E.   Un cul-de-jatte gagna tellement la confiance du duc Ling de Wei, que celui-ci le préféra aux hommes les mieux faits. Un autre, affligé d’un goître énorme, fut le conseiller préféré du duc Hoan de Ts’i. Le nimbe d’une capacité supérieure éclipse les formes corporelles auxquelles elle adhère. Faire cas du corps et ne pas faire cas de la vertu, c’est la pire des erreurs. — Se tenant dans son champ de la science globale, le Sage méprise la connaissance des détails, toute convention, toute affection, tout art. Libre de ces choses artificielles et distrayantes, il nourrit son être de l’aliment céleste (pure raison, dit la glose), indifférent aux affaires humaines. Dans le corps d’un homme, il n’est plus un homme. Il vit avec les hommes, mais absolument indifférent à leur approbation et à leur désapprobation, parce qu’il n’a plus leurs sentiments. Infiniment petit est ce par quoi il est encore un homme (son corps) ; infiniment grand est ce par quoi il est un avec le ciel (sa raison).
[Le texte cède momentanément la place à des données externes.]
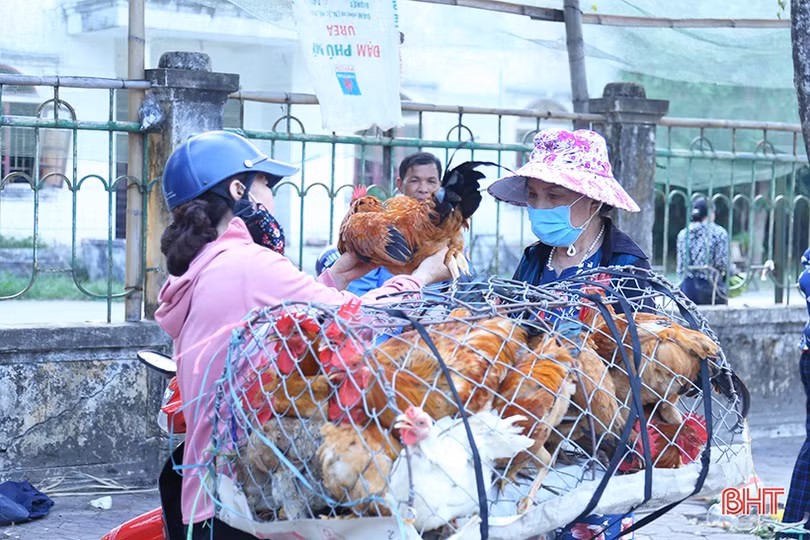 Vì sao sức tiêu thụ các mặt hàng phục vụ ngày Rằm tháng 7 ở Hà Tĩnh giảm mạnh?!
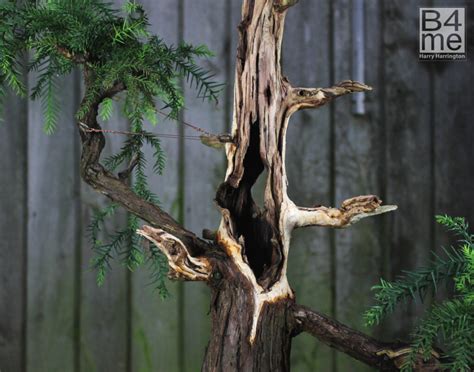 Cryptomeria Japonica Japanese Cedar Bonsai Bonsai4me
F.   Hoei-tzeu (musicien et sophiste) objecta : Un homme ne peut pas arriver à être, comme vous dites, sans affections. — Il le peut, répliqua Tchoang-tzeu. — Alors, dit Hoei-tzeu, ce n’est plus un homme. — C’est encore un homme, dit Tchoang-tzeu ; car le Principe et le ciel lui ont donné ce qui fait l’homme. — S’il a perdu le sentiment, repartit Hoei-tzeu, il a cessé d’être un homme. — S’il en avait perdu jusqu’à la puissance, peut-être, dit Tchoang-tzeu, (car cette puissance se confond avec la nature) ; mais il n’en est pas ainsi. La puissance lui reste, mais il n’en use pas pour distinguer, pour prendre parti, pour aimer ou haïr. Et par suite il n’use pas en vain le corps, que le Principe et le ciel lui ont donné. Ce n’est pas votre cas, à vous qui vous tuez à faire de la musique et à inventer des sophismes.